Selain itu, informasi terkait dengan Dipati Ukur sendiri sulit untuk dicari, karena kebanyakan hanya berasal dari naskah-naskah kuno. Selain naskah kuno ada juga
buku-buku terbitan lama yang sempat menceritakan Dipati Ukur, salah satunya adalah buku Dipati Ukur.
Dalam buku Dipati Ukur karya Rohendy Supis, ceritanya disusun berdasarkan cerita lisan dari orang-orang tua dan juga naskah milik penduduk di Yogyakarta.
Ekadjati menulis dalam bukunya, selain itu Supis memiliki cukup banyak pengetahuan mengenai sejarah Indonesia, khususnya Jawa Barat.
“Walaupun demikian pengarang dan penerbitnya mengakui bahwa keseluruhan isi buku ini
tidak dapat dianggap sebagai sejarah asli geodocumenteerd.
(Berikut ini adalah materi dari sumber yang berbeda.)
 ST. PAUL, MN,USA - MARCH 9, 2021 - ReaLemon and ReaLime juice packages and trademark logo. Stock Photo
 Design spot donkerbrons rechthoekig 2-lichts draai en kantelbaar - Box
Karangannya dinamai
“dongeng” Rohendy Sumardinata Supis, 1959 : 3” ini berarti buku Dipati Ukur tidak sepenuhnya sejalan dengan sejarah, namun tetap memiliki
kesamaan dengan sejarah Dipati Ukur yang ada. Terlepas dari hal tersebut, cerita yang disampaikan dalam buku ini menarik untuk diketahui.
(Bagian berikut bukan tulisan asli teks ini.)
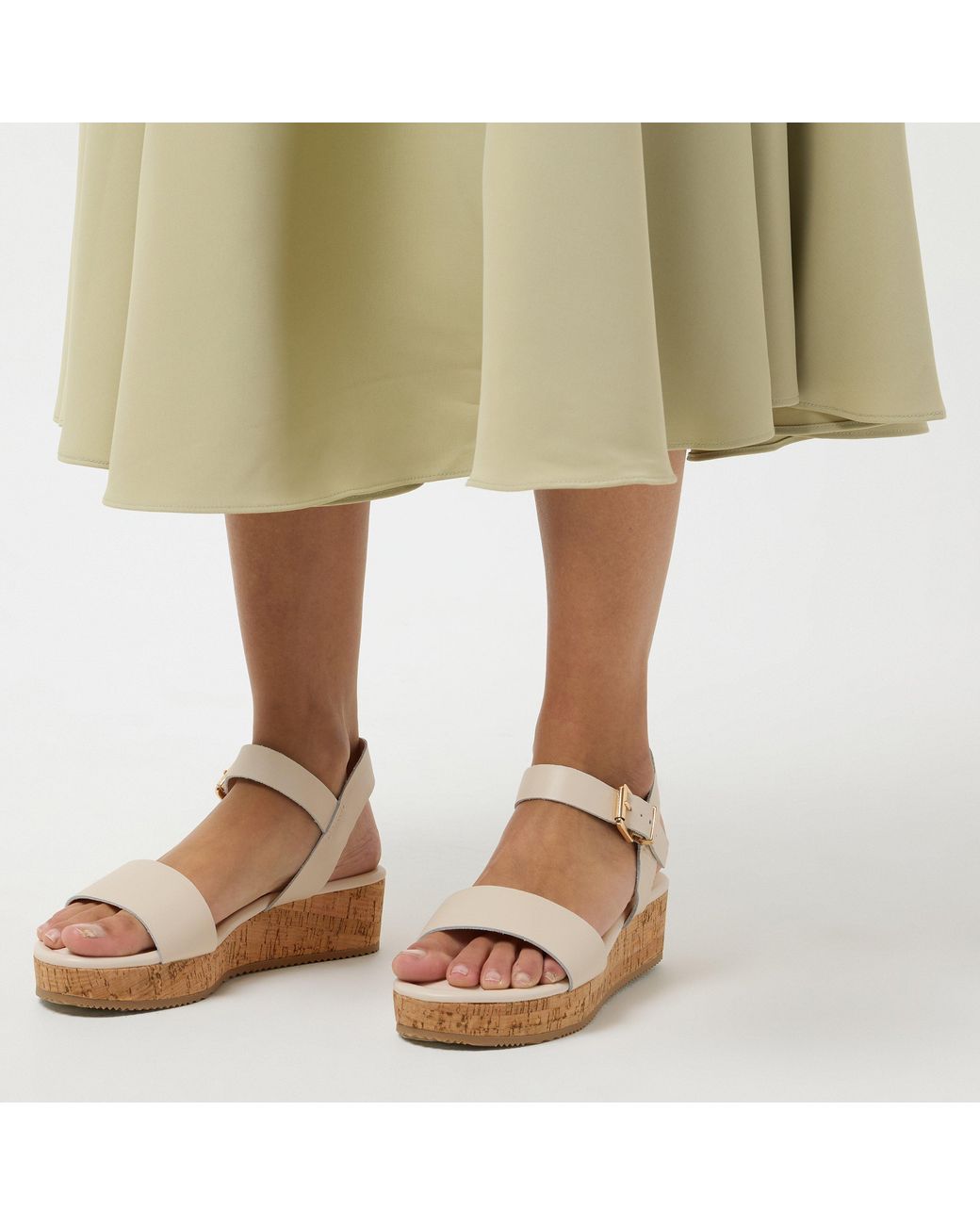 Dune White Lazered Leather Flatform Sandals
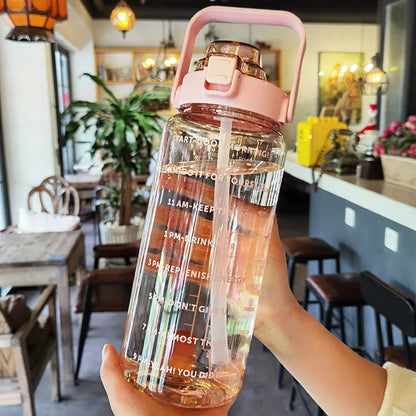 2 Liters Portable Plastic Travel Water Bottle with Straw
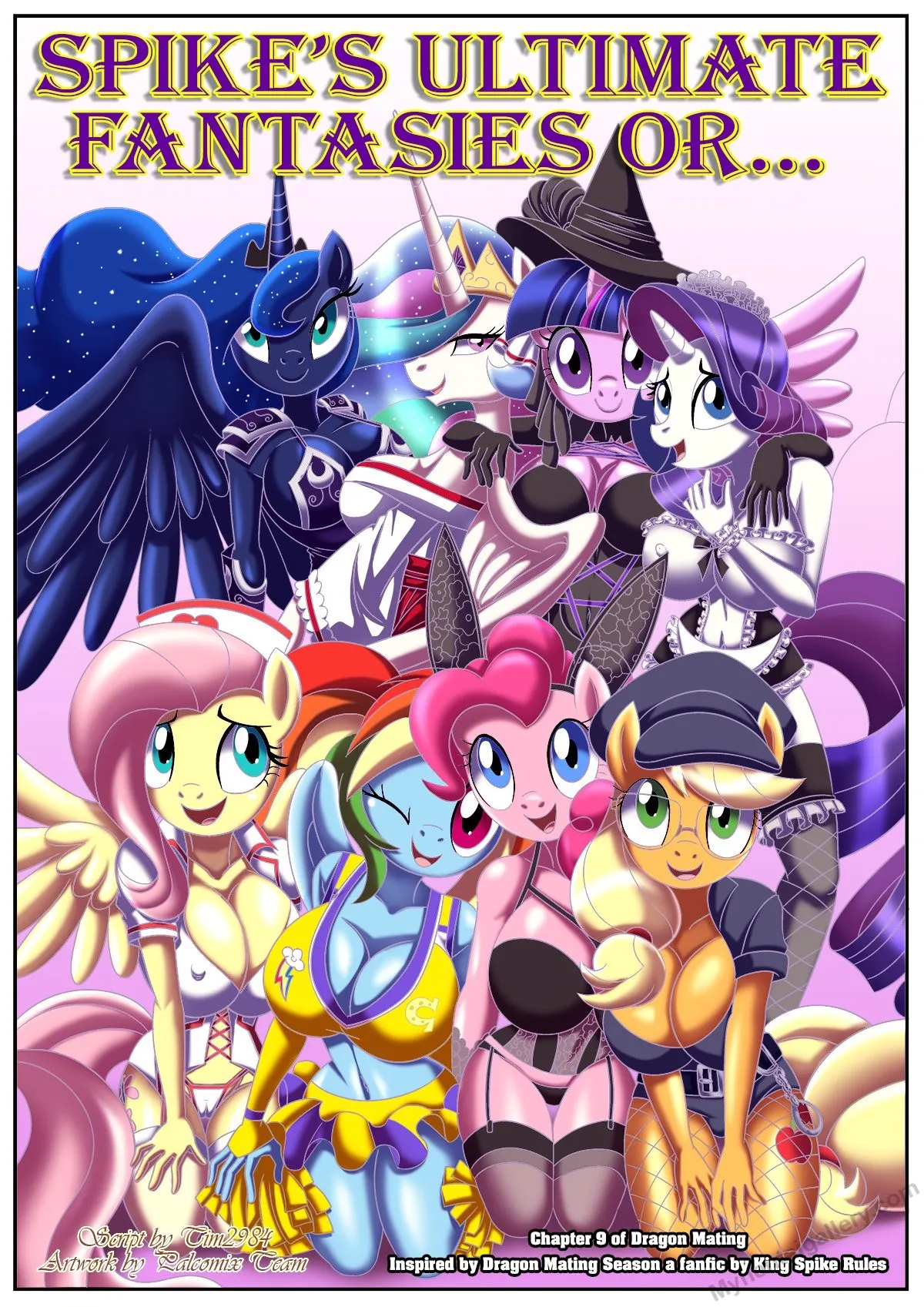 Power Of Dragon Mating 9 - Spike's Ultimate Fantasies Or The Dragon King's Harem porno comics Cover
Buku Dipati Ukur adalah salah satu alternatif untuk mengetahui lebih mengenai Dipati Ukur. Meskipun menjadi alternatif lain, buku Dipati Ukur ini sulit untuk
dicari, dan juga penggunaan bahasa Sunda dalam buku ini, sehingga masyarakat mungkin akan sulit untuk menyerap isi cerita yang ditawarkan dalam buku ini.
Karena itulah dibutuhkan sebuah solusi agar cerita mengenai Dipati Ukur ini dapat diberikan kepada masyarakat, selain menambah sedikit pengetahuan
mengenai sejarah, dan juga teladan yang dapat diambil dari cerita Dipati Ukur.